Segundo a nova Corregedora Nacional de Justiça, o projeto Justiça em Dia será implantado primeiramente nos Tribunais Regionais Federais, em parceria com o Conselho da Justiça Federal e a Associação dos Juízes Federais.

Depois, será estendido também à Justiça Estadual.
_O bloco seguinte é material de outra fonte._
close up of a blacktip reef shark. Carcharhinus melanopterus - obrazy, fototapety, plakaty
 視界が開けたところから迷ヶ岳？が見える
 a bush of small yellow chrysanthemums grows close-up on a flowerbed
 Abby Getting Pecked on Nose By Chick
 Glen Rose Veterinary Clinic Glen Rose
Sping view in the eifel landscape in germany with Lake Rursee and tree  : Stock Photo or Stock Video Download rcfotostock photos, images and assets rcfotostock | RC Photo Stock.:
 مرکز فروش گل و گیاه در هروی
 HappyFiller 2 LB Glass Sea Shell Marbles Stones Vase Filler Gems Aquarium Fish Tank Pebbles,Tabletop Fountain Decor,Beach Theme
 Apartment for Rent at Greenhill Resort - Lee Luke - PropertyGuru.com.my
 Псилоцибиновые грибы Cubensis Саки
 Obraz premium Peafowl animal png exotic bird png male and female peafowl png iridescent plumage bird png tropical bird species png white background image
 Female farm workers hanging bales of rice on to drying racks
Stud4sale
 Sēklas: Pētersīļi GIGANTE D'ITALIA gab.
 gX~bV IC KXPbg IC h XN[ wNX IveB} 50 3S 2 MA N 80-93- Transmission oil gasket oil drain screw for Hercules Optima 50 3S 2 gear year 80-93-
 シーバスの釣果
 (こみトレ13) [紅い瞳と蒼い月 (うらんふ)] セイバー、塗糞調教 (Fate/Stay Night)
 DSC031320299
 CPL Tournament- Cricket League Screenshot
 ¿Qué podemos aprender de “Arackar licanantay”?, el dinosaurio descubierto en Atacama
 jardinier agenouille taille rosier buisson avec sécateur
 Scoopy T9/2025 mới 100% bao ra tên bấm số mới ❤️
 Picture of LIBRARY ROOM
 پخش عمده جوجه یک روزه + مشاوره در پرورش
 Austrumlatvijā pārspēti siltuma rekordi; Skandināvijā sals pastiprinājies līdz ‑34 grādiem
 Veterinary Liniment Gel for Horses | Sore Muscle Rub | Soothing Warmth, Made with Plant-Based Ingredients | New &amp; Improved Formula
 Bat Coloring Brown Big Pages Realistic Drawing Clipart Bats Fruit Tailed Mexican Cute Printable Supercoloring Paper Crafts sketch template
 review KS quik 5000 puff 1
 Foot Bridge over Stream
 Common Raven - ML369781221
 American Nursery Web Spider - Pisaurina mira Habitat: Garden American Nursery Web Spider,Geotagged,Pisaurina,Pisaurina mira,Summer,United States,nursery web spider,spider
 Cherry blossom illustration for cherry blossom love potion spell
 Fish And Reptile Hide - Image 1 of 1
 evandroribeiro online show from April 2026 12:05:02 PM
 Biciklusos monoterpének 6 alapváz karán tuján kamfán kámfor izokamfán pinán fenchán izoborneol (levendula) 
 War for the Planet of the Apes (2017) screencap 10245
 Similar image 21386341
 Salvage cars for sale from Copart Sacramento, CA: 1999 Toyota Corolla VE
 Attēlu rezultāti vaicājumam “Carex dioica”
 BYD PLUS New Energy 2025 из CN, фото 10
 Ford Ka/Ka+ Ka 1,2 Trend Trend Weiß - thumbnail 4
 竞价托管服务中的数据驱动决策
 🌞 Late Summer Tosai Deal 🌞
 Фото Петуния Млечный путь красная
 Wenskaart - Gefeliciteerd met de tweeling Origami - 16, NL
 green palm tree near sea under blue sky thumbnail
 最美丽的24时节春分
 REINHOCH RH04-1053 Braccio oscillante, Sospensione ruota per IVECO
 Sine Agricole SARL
Para auxiliar a agilização dos julgamentos, será oferecida assessoria individualizada de gestão de gabinete para os magistrados.

Além desses dois novos projetos, a ministra informou que também dará continuidade aos 10 projetos que já estão em andamento, da gestão anterior, capitaneada pelo ministro Gilson Dipp.

No que diz respeito à atividade correicional, a ministra afirmou em seu discurso de posse que será “implacável com a corrupção, prática deletéria necessitando ser banida com urgência do âmbito do Judiciário”.

Segundo o desembargador José Olegário Monção Caldas, a ministra Eliana Calmon é conhecida pelo dinamismo e capacidade de trabalho e poderá dar uma grande contribuição à aceleração dos processos no Judiciário. “Além disso, ela honra a Bahia com seu nome”, completou.

Nascida em Salvador, a ministra  Eliana Calmon formou-se em Direito pela Universidade Federal da Bahia, em 1968, e foi a primeira mulher a ocupar uma cadeira no STJ, onde está desde 1999. Ela iniciou a carreira na magistratura como juíza federal e, depois, integrou o Tribunal Regional Federal da 1ª Região. Antes, havia sido procuradora da República.